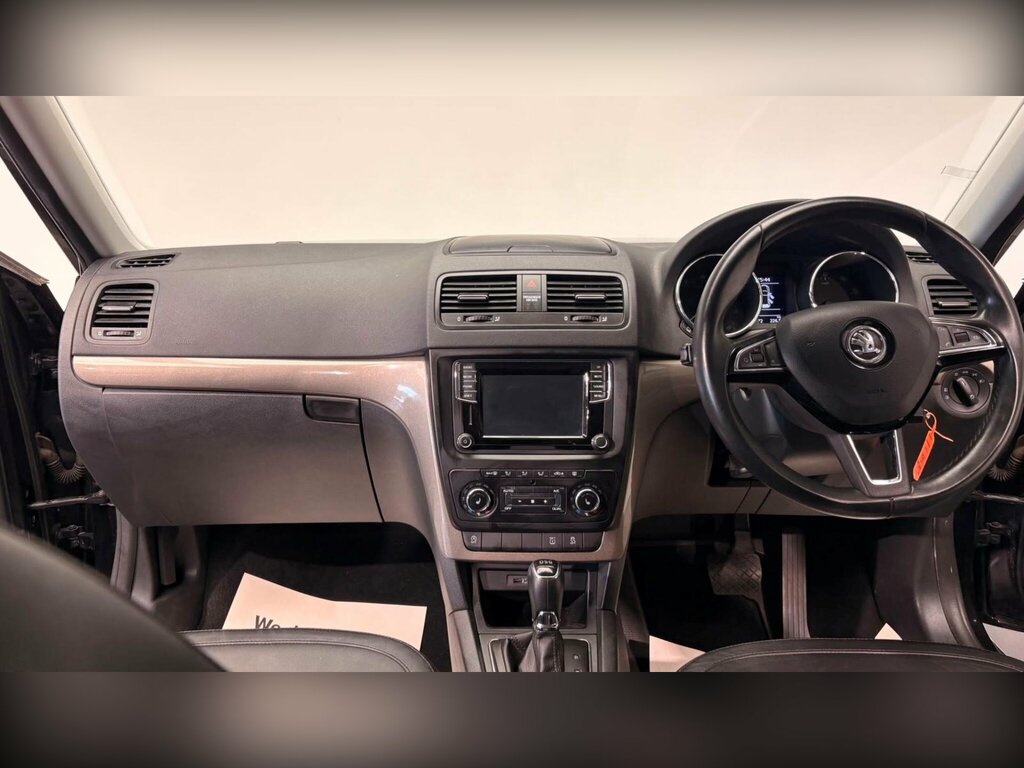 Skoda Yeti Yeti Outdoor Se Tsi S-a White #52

====================

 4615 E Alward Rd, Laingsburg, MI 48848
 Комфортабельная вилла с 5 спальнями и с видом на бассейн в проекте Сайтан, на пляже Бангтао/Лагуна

====================

[WORK TO BE COMPLETED]
Restate word for word the entries above from the line with "4615 E Alward Rd, Laingsburg, MI 48848" through the line with "Комфортабельная вилла с", inclusive, leaving out everything else.

[EXPECTED OUTPUT]
 4615 E Alward Rd, Laingsburg, MI 48848
 Комфортабельная вилла с 5 спальнями и с видом на бассейн в проекте Сайтан, на пляже Бангтао/Лагуна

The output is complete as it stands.